Play and therapy pool ease trauma for Ukrainian refugee girl in Poland
Alevtina smiles while cuddling her mother Alexandra Zhuravel in their bedroom at Poland’s Benedictine Sisters Monastery. It is a world away Kryvyi Rih in central Ukraine.
She is happy in that moment, but she hides her fear when the peace around the monastery of 17th-century monks where she and her sister have sought refuge from the storms with an airplane or car overhead.
The eight-year old has cerebral palsy and is unable to speak.
Zhuravel enjoys walking in the gardens with her daughters and sharing meals with refugees.
Locals helped her locate a pool for Alevtina’s resume therapy and classes for Viktoria, the elder daughter, to dance.
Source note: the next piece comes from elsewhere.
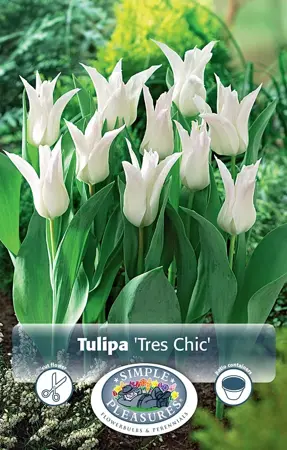 Tulipa Lily-Flowering Tres Chic | Cappers 5 x 20 - image 1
They are grateful to the guards who assisted them as they fled their homeland and returned to check on the family.
Zhuravel, 38 said that the children were scared by the sirens, and the explosions while pushing Alevtina in a special stroller through the monastery’s vast gardens.
Zhuravel stated that Alevtina was still afraid. “She is constantly stressed and we try our best to distract her by taking walks and going to the pool. She is learning to get through the stress by walking as much as she can and playing outside.
The monastery’s six nuns provide food in the cafeteria. Locals have also helped with clothing, financial assistance, and toys. Two teddy bears are perched on the window sill of the small room’s tiny room.
Each day since arriving in Poland on March 12, 2012, presents new challenges. A helicopter flew above Alevtina, who was normally smiling, and her eyes became glazed with fear from Zhuravel’s claims that her daughter associates war with the noise.
Zhuravel wanted to remain in Ukraine, but her son insisted that they leave because of the fearful explosions and shelling in Alevtina’s home.
Russia denies targeting civilians as part of a “special military operations” to demilitarize Ukraine.
Zhuravel stated that the family went first to the other side of the city, but they decided to return the next day, March 10.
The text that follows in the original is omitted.